● Exercise prompt
Could you set down exactly the lines in the records below between the line holding "So Microsoft is" and the line holding "This command will", inclusive?

● Record set

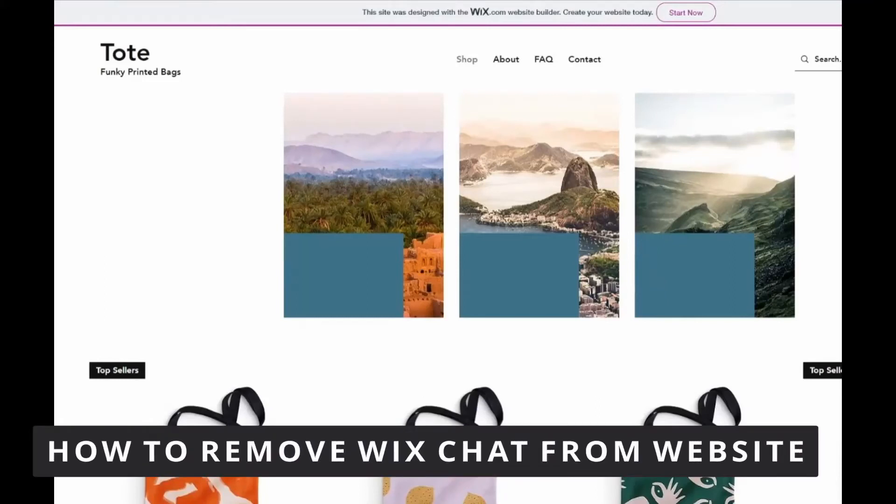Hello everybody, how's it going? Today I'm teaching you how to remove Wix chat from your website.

...

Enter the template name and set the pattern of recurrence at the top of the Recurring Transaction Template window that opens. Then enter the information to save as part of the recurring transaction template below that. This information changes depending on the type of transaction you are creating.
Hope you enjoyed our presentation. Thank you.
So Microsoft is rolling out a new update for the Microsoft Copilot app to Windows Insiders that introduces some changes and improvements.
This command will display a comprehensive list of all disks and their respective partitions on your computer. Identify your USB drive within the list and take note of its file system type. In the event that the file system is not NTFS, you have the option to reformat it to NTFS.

● Solution to the exercise
So Microsoft is rolling out a new update for the Microsoft Copilot app to Windows Insiders that introduces some changes and improvements.
This command will display a comprehensive list of all disks and their respective partitions on your computer. Identify your USB drive within the list and take note of its file system type. In the event that the file system is not NTFS, you have the option to reformat it to NTFS.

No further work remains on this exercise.